Le chantier belge Etap a produit toute une gamme de voiliers insubmersibles ET navigables remplis d’eau. Coque et pont sont en sandwich mousse-polyester.
Les Etap s’étendent sur une gamme de voiliers de 21 à 48 pieds. Mais le chantier a fermé en 2009 sans être repris.
Le chantier britannique Sadler and son a également conçu les voiliers Sadler 26 et 29 et réputés navigables remplis d’eau. Il existe également un Sadler 34 (1988) insubmersible mais j’ignore s’il peut naviguer rempli d’eau. Comme les Etap ils sont construits en sandwich mousse-polyester.
Les first 210 et 211.
Les voiliers issus de la jauge mini 6.50 sont tous insubmersibles.
Idb marine construit des voiliers incoulables de 6,50m à 11m: Maxi 6.50m, Malango et Mojito.
Pogostructure propose aussi des voiliers de croisière rapide insubmersibles.
9 Comments
Samuel Longin
Merci pour cet article super clair et complet ! Je ne m’étais pas encore posé la questions de l’insubmersibilité de ma future embarcation et j’ai déjà les réponses à mes questions ^^
Gulien
Super article, complet et agréable à lire en plus 🙂
Outre les vannes et les passes coques j’ajouterai la sortie de l’arbre presse étoupe (je me suis retrouvé dans une baignoire avec un sangria avec une voie d’eau par là !).

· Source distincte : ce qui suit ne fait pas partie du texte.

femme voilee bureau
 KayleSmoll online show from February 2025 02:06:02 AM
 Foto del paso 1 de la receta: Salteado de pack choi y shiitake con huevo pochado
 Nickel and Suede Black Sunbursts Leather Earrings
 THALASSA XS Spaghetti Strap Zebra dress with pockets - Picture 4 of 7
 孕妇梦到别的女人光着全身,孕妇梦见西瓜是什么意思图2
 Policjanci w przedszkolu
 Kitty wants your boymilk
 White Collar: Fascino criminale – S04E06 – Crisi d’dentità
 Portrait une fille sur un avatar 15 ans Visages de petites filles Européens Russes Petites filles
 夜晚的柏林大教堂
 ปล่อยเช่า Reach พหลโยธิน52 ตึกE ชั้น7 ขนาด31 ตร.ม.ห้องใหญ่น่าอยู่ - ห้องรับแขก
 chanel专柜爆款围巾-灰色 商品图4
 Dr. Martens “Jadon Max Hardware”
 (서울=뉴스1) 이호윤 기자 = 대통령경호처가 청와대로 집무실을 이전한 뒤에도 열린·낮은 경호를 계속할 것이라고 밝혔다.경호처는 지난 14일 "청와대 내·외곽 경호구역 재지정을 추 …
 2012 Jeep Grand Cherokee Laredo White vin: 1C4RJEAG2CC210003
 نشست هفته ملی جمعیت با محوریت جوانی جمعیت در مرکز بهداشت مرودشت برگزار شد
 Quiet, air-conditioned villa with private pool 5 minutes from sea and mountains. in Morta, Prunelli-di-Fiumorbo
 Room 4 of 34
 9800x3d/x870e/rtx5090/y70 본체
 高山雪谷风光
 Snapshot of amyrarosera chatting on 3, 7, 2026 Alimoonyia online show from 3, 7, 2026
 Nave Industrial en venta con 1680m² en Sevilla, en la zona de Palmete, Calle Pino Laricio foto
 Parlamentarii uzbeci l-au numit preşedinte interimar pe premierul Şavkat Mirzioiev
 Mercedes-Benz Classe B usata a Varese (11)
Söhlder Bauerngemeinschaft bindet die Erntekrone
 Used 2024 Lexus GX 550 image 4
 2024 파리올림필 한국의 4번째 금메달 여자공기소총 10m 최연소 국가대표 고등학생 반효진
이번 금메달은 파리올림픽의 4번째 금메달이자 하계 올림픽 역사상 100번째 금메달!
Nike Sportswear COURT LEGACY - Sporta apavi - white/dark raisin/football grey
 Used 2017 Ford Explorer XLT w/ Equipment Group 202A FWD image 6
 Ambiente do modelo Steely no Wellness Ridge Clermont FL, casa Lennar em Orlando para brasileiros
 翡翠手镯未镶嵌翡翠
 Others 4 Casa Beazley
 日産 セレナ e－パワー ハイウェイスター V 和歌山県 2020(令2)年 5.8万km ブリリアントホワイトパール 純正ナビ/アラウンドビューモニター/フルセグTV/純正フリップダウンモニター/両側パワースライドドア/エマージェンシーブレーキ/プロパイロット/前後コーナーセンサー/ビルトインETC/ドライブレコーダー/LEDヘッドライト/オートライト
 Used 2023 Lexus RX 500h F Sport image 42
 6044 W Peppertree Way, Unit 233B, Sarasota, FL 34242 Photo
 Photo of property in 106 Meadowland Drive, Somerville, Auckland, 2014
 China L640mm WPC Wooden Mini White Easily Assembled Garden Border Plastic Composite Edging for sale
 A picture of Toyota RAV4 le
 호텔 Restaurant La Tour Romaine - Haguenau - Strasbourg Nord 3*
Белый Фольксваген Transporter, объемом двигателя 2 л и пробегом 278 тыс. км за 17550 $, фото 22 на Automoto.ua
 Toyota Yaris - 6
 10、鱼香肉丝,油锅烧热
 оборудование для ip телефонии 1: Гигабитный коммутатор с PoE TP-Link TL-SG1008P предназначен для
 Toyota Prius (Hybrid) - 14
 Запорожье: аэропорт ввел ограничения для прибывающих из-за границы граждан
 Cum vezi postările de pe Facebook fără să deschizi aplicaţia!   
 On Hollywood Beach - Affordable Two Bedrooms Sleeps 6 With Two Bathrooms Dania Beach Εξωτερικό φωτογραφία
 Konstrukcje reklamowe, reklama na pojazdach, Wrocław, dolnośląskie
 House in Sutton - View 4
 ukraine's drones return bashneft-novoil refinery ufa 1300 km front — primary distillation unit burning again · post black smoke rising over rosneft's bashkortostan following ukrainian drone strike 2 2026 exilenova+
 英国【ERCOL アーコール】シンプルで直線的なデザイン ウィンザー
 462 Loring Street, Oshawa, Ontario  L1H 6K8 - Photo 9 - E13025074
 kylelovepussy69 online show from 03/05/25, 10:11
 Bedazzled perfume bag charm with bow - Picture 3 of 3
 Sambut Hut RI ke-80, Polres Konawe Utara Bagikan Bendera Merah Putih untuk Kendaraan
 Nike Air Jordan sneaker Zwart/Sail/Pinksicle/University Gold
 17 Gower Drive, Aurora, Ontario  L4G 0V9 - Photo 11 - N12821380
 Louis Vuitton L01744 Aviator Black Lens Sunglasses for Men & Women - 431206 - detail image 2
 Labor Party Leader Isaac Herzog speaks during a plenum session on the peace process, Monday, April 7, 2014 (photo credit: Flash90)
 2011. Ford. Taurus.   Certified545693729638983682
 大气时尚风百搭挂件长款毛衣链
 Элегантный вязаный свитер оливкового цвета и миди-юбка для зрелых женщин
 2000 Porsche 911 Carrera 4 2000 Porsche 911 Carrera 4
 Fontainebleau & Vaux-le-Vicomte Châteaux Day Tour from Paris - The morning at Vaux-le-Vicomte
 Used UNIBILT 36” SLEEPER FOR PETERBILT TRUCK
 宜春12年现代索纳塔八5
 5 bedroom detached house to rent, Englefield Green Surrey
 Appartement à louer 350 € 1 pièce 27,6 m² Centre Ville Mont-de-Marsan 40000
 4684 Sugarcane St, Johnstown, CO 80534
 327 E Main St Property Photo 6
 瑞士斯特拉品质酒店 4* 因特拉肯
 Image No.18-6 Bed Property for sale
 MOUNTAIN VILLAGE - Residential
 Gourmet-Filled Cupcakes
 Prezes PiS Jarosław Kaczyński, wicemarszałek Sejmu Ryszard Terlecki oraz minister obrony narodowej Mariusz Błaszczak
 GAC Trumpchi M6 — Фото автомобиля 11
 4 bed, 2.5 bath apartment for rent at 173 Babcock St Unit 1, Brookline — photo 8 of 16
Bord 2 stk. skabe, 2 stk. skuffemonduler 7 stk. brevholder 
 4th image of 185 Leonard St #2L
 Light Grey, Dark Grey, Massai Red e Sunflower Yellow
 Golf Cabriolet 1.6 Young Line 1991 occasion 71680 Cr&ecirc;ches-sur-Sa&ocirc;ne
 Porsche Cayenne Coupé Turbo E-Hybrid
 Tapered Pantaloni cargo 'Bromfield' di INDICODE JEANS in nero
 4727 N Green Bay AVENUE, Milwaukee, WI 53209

Sinon je suis allé voir les sadler et je me demande si le 32 qu’on retrouve en occasion est insubmersible (ou incoulable) ?
@+ et merci
Katell
Je ne crois pas qu’il le soit, alors que le 26 et le 34 le sont. Il me semble que le 32 a été construit avant que le chantier ne décide de construire des voiliers incoulables ‘unsinkable’ ce serait le cas des 26, 29 et 34. Voyez ici https://www.lucasyachting.co.uk/sadler-and-starlight/
ALEXANDRE
Bonjour. Le Challenger Horizon est insublersible ?
Katell
Oui, et c’est un voilier assez marin.
Plus d’info sur ce voilier ici
Stéphane
Merci pour cet article très complet.
S’agissant de la règlementation, il faut aussi préciser que les navires insubmersibles doivent être dotés d’une plaque signalétique spécifique supplémentaire, qui elle seule permet de justifier d’un point de vue réglementaire les exemptions autorisées en terme d’armement de sécurité.
SergeVALENTIN
Bonjour, le Sun WAy 21 est aussi insubmersible….ou incoulable!!!
Katell
Les deux mon capitaine 🙂 Il est peu probable qu’il puisse naviguer une fois rempli d’eau, sinon je suppose qu’il y aurait des com’ sur ce point et je n’en ai pas trouvé.